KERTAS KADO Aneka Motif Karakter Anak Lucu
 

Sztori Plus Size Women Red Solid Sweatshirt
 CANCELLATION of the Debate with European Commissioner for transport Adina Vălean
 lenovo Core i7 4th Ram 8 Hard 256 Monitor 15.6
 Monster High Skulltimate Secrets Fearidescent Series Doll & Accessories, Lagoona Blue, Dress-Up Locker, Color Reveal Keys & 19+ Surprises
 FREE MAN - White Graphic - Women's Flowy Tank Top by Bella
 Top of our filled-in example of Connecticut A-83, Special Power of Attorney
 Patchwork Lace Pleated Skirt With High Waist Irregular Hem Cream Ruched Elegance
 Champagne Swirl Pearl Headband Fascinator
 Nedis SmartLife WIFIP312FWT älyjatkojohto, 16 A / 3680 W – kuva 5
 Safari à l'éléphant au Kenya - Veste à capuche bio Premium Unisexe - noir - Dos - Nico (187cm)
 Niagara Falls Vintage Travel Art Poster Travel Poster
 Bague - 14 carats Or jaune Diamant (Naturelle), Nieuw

#### Action item:
The expected output is the run of lines from the one that includes "Sztori Plus Size Women Red Solid Sweatshirt" through the end of the listing above, exactly as they stand.

#### Reply to the task:
Sztori Plus Size Women Red Solid Sweatshirt
 CANCELLATION of the Debate with European Commissioner for transport Adina Vălean
 lenovo Core i7 4th Ram 8 Hard 256 Monitor 15.6
 Monster High Skulltimate Secrets Fearidescent Series Doll & Accessories, Lagoona Blue, Dress-Up Locker, Color Reveal Keys & 19+ Surprises
 FREE MAN - White Graphic - Women's Flowy Tank Top by Bella
 Top of our filled-in example of Connecticut A-83, Special Power of Attorney
 Patchwork Lace Pleated Skirt With High Waist Irregular Hem Cream Ruched Elegance
 Champagne Swirl Pearl Headband Fascinator
 Nedis SmartLife WIFIP312FWT älyjatkojohto, 16 A / 3680 W – kuva 5
 Safari à l'éléphant au Kenya - Veste à capuche bio Premium Unisexe - noir - Dos - Nico (187cm)
 Niagara Falls Vintage Travel Art Poster Travel Poster
 Bague - 14 carats Or jaune Diamant (Naturelle), Nieuw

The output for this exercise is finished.